# [Given records]
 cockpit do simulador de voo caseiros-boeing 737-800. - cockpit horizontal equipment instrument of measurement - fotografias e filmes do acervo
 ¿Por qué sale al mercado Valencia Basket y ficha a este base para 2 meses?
==
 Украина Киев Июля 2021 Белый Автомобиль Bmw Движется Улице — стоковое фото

# [Problem details]
In the listing above, find the line with "cockpit do simulador" and the line with "para 2 meses?", then print exactly those two lines and every line between them, and nothing more.

# [Exercise answer]
 cockpit do simulador de voo caseiros-boeing 737-800. - cockpit horizontal equipment instrument of measurement - fotografias e filmes do acervo
 ¿Por qué sale al mercado Valencia Basket y ficha a este base para 2 meses?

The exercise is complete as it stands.